As autoridades eclesiásticas presentes enfatizaram a importância do papel do Defensor Público dando destaque a trechos de textos religiosos de cada crença. Em seguida foi oferecido aos presentes um café da manhã.
Agradecemos a todos que participaram, em especial a colega Helenice Moretti que gentilmente aceitou o convite formulado pela ADPERJ para realização do culto.
Durante todo o dia, a Defensoria Pública do Estado do Rio de Janeiro promoveu o evento “Cidadania, Eu Defendo – A Defensoria Pública na Central do Brasil”, uma ação social com o objetivo de prestar orientação jurídica e atendimento especializado nas áreas do consumidor, defesa da mulher, direitos humanos, criança e adolescente, criminal e idoso. Cerca de 100 pessoas, entre Defensores Públicos, estagiários e servidores de apoio trabalharam no evento, que levou uma multidão à Central do Brasil em busca de atendimento.
Na oportunidade, a Defensoria Pública do Estado realizou o lançamento oficial da Campanha “Cidadão tem Nome e Sobrenome”, que adotará como tema de trabalho para os próximos meses a defesa da erradicação do sub-registro civil de nascimento e ampliação do acesso à documentação básica.
Segundo o Defensor Público-Geral, José Raimundo Batista Moreira, um dos focos de atuação da Defensoria Pública do Estado do Rio é possibilitar o acesso da população de baixa renda ao registro civil de nascimento. Destacou ainda que no Rio de Janeiro ainda há um alto índice de sub-registro civil, principalmente nos municípios mais carentes. "Belford Roxo, na Baixada Fluminense, é um dos municípios mais carentes que a gente tem. Estamos fazendo mutirões nos finais de semana, mas, mesmo assim, a demanda tem sido grande, acredito que 20% da população mais carente de lá não tem um registro civil", salientou.
Para ele, o defensor público é um agente político do Estado com a função de ajudar a promover a transformação social. "Ele tem um papel de democratizar o acesso à Justiça. O cidadão brasileiro tem que ser registrado e ter documentação básica para exercer a sua cidadania", reforçou.

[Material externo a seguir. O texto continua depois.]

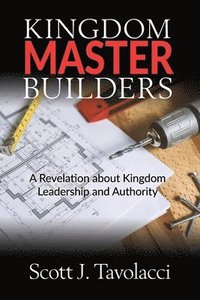 bokomslag Kingdom Master Builders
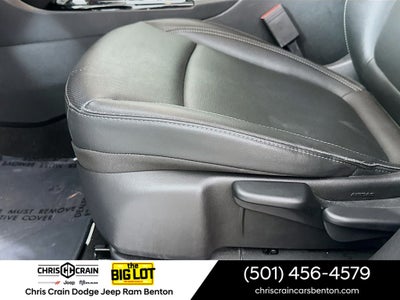 2024 Buick Encore GX Sport Touring AWD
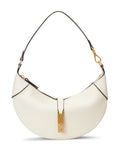 Polo Ralph Lauren Small Polo Id Shoulder Bag — Same as shown — Size One Size — Front View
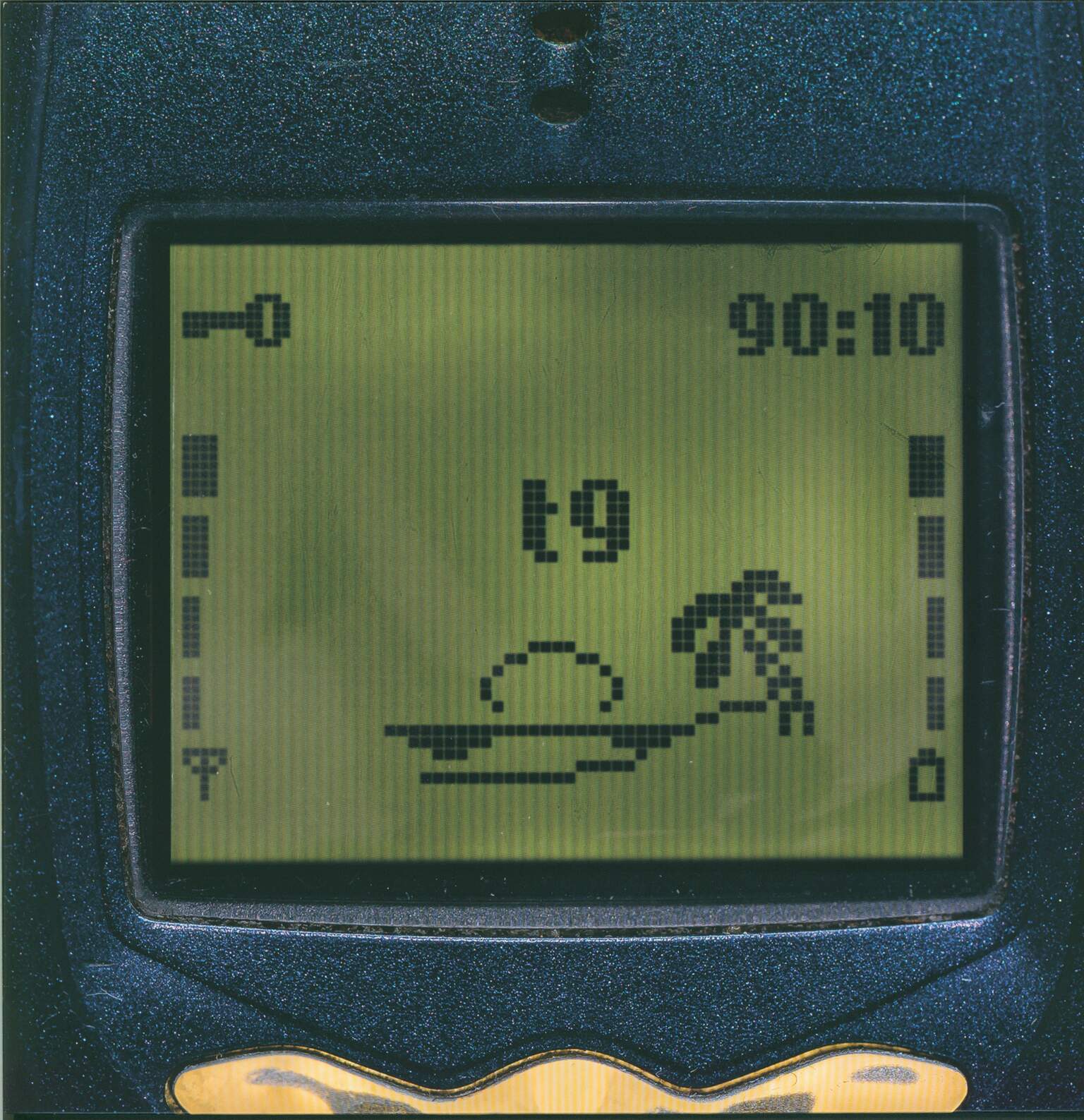 T9: 90/10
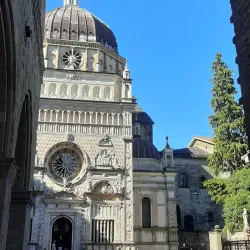 Basilica di Santa Maria Maggiore - Bergamo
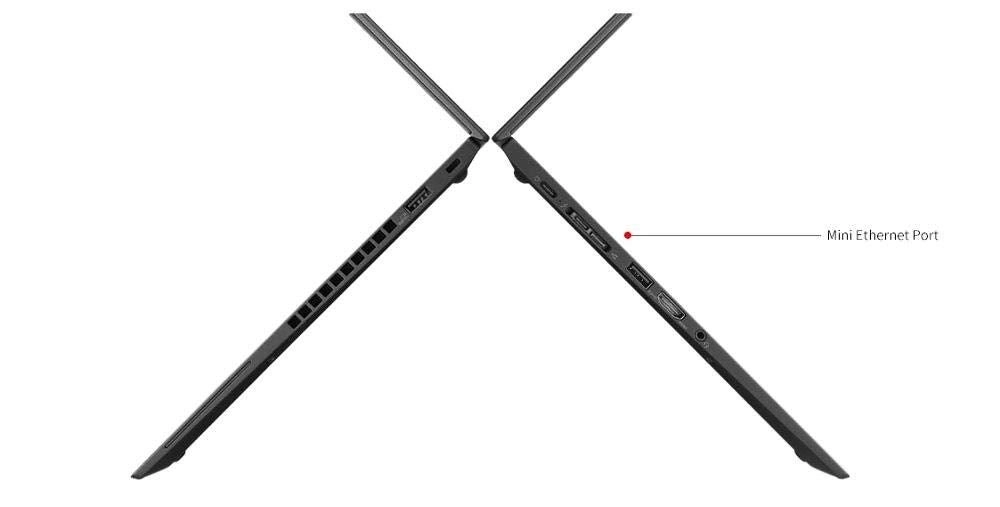 RJ45 Ethernet Adapter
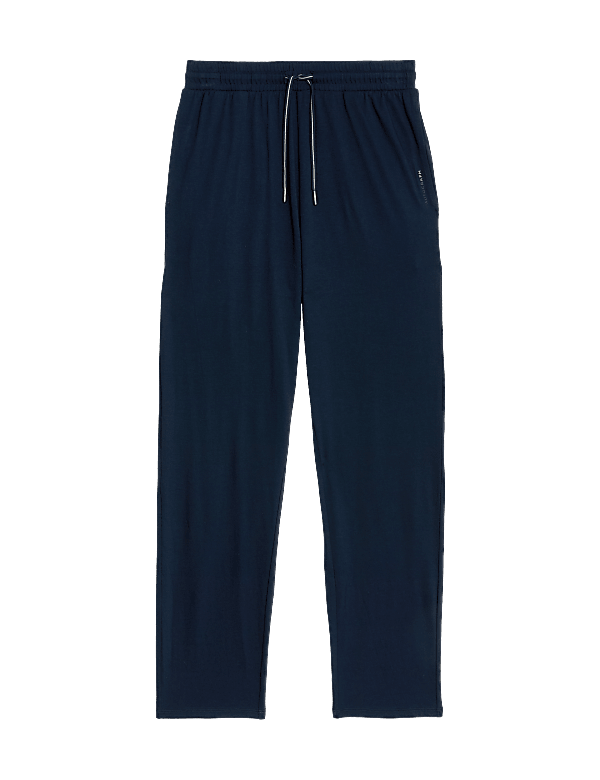 Supima® Cotton Modal Pyjama Bottoms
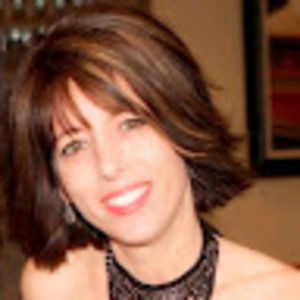 Meet your Posher, Krissy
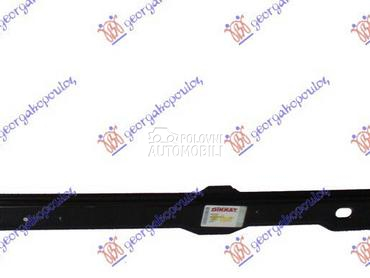 SINA PREDNJEG BRANIKA DONJA (O za Fiat Doblo od 2001. do 2005. god.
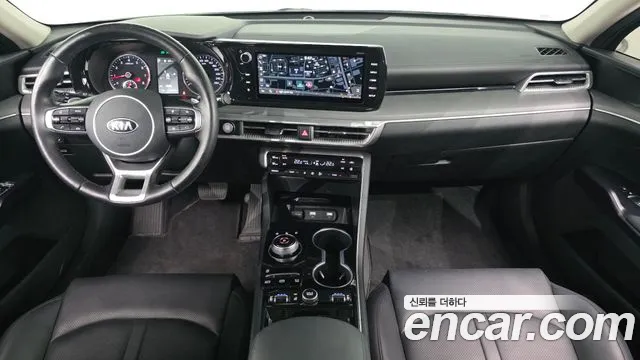 2020 Kia K5 3rd Gen 2.0 Sold VIN KNAG241ABLA053959 – photo 17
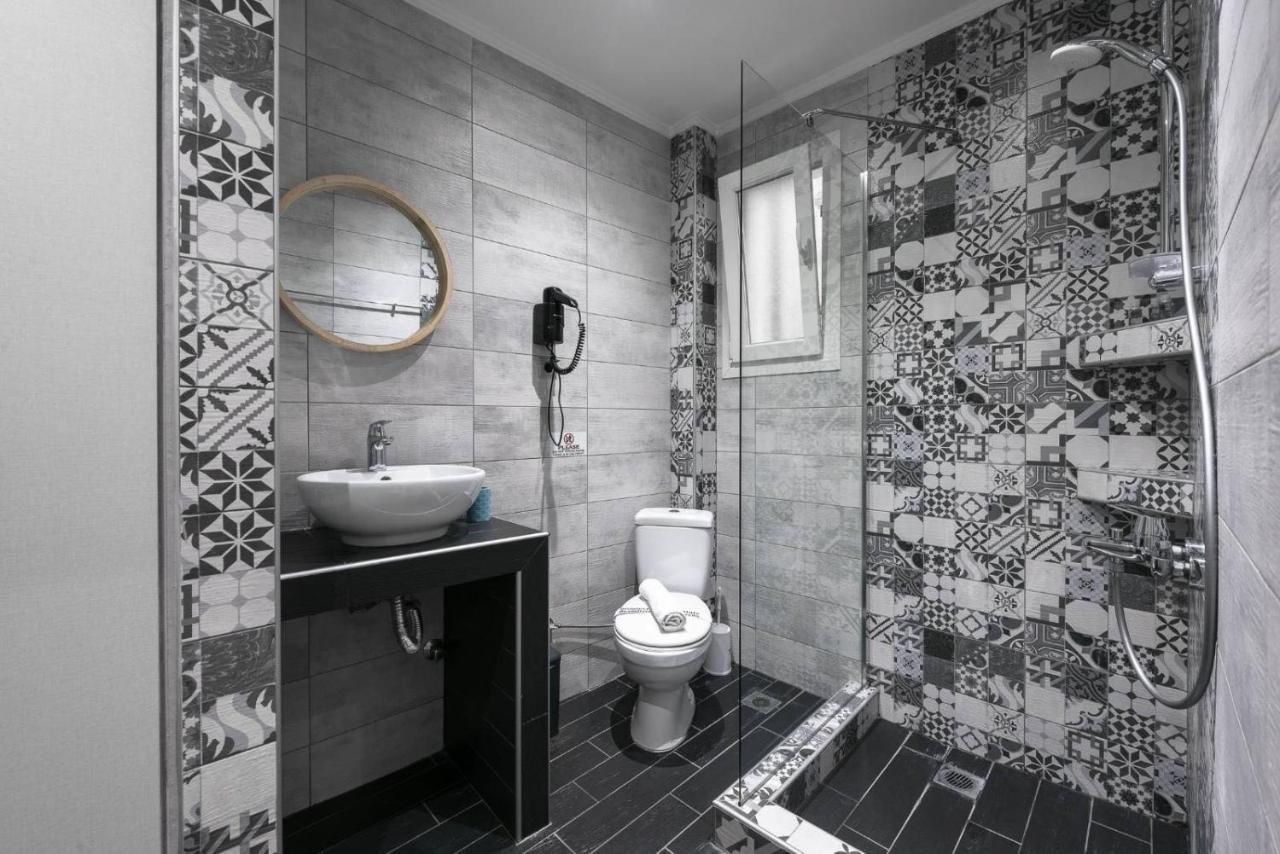 Cosmopolitan, Nilie Hospitality Mgmt Apartment Thessaloniki Exterior photo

O governador em exercício, Luiz Fernando Pezão, impressionou-se com o índice de pessoas sem identificação. “É muito triste chegarmos ao ano de 2008 e ainda vermos esta quantidade de pessoas sem certidão de nascimento. Isso mostra o quanto temos que trabalhar neste país e nos dá força para fazer ainda mais. Temos que estar cada vez mais presentes nas comunidades prestando este serviço, levando cidadania às pessoas”.
Estiveram presentes à solenidade, entre outras autoridades, a presidente da ADPERJ, Sara Quimas, o presidente da APERJ, Leonardo Espínola, o secretário da Casa Civil, Regis Fichtner, a secretária de Assistência Social e Direitos Humanos, Benedita da Silva, o representante da Defensoria Pública da União, Clóvis Pinheiro, o presidente da SuperVia, Amin Murad, a assessora da Secretaria Especial de Direitos Humanos da Presidência da República, Leilah Leonardo, o deputado estadual, Mário Marques, o deputado federal Alexandre Santos, o presidente da Associação dos Notários e Registradores do Estado do Rio de Janeiro, Alceu José dos Santos.